What you have to do. What you return should be only the lines starting at the one that contains "2004 Nissan Murano" and running to the end of the listing, exactly as written, minus any pictures.

Given information.
BEGIN

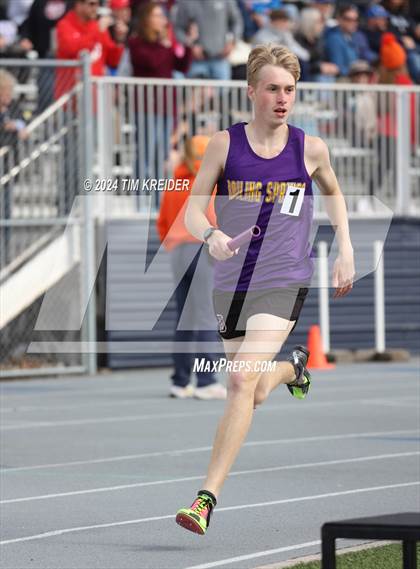 Thumbnail 1 in Mid-Penn Track and Field Championships (Boys) photogallery.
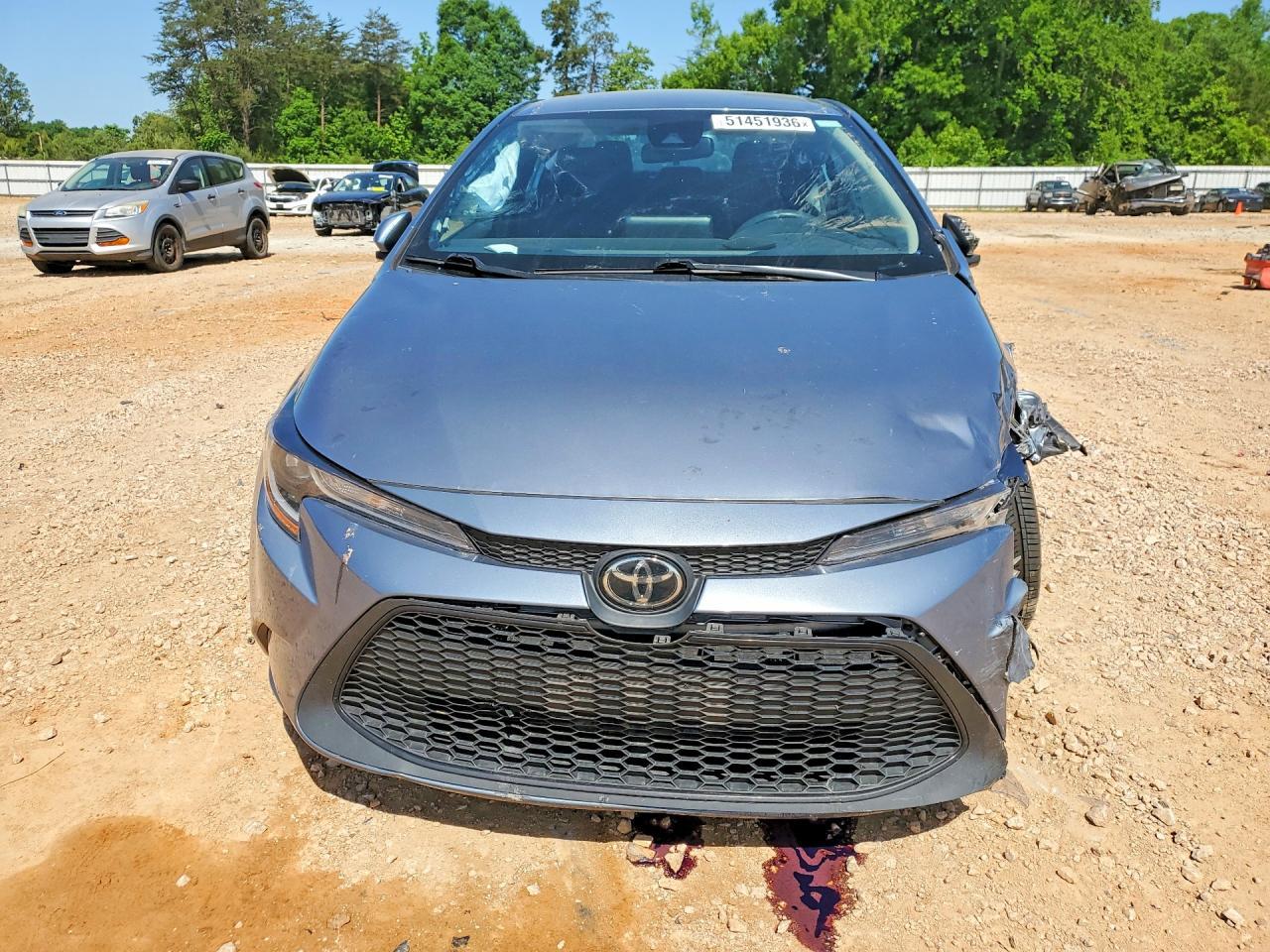 2022 Toyota Corolla Le - Image 5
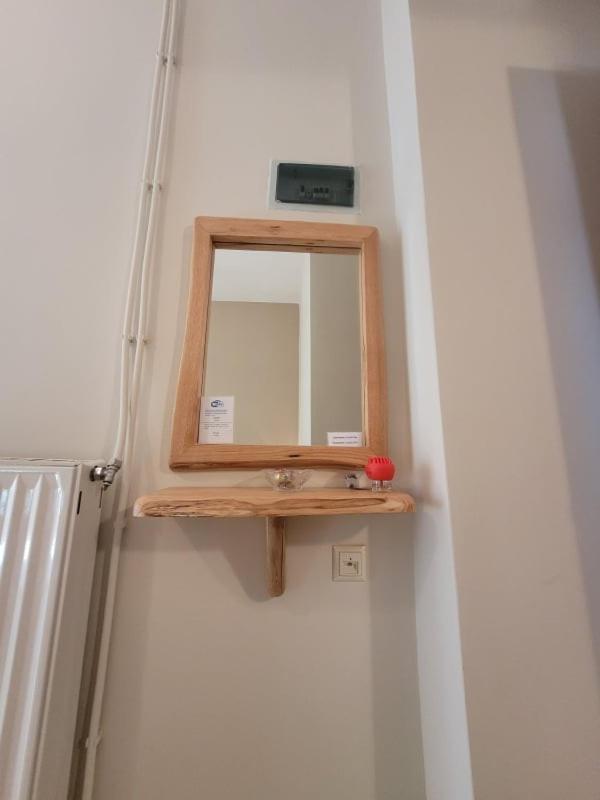 Irida Studios Agios Ioannis  Eksteriør bilde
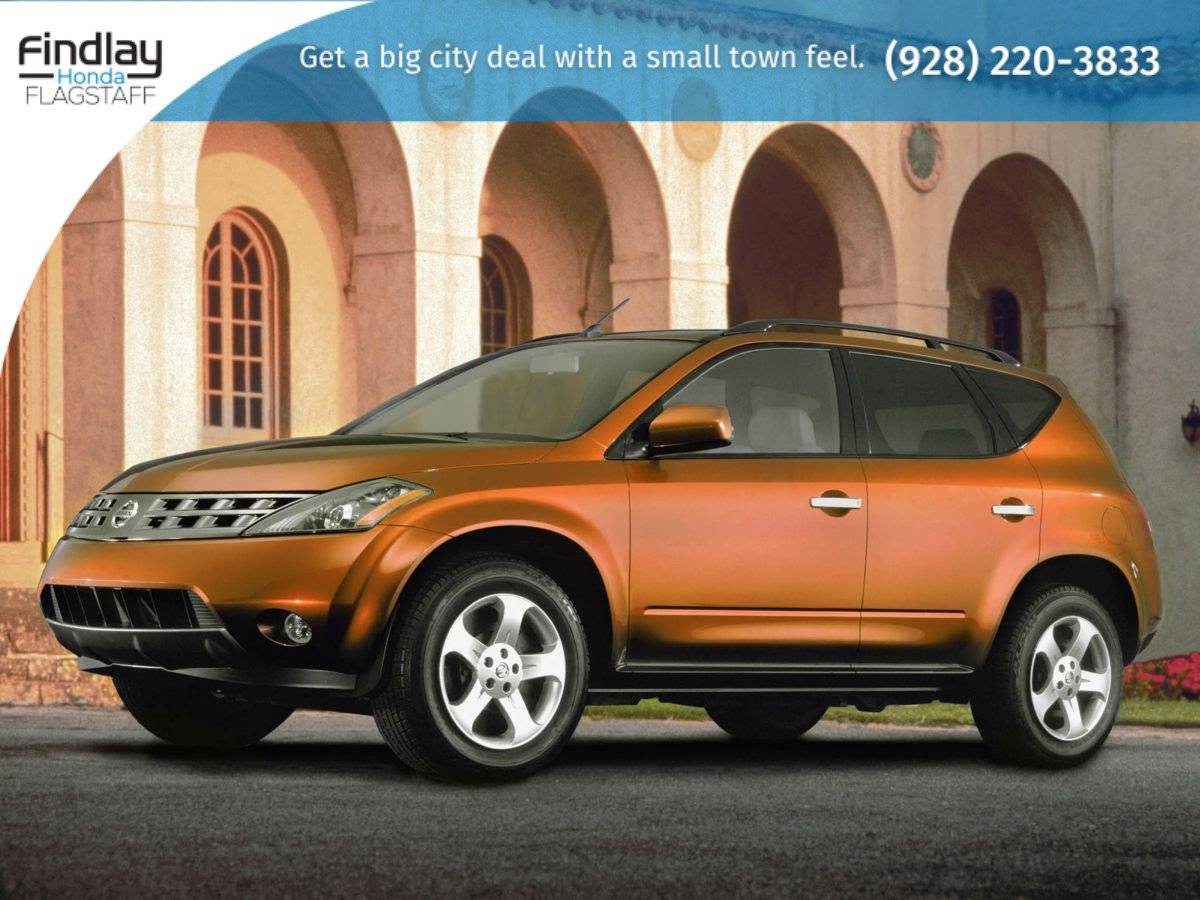 2004 Nissan Murano SE — SUV — 126,594 mi — Flagstaff, AZ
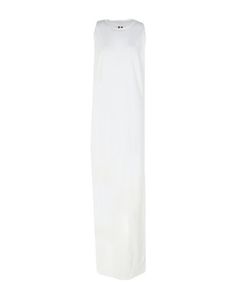 Длинное платье Drkshdw BY Rick Owens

END

Solved problem.
 2004 Nissan Murano SE — SUV — 126,594 mi — Flagstaff, AZ
 Длинное платье Drkshdw BY Rick Owens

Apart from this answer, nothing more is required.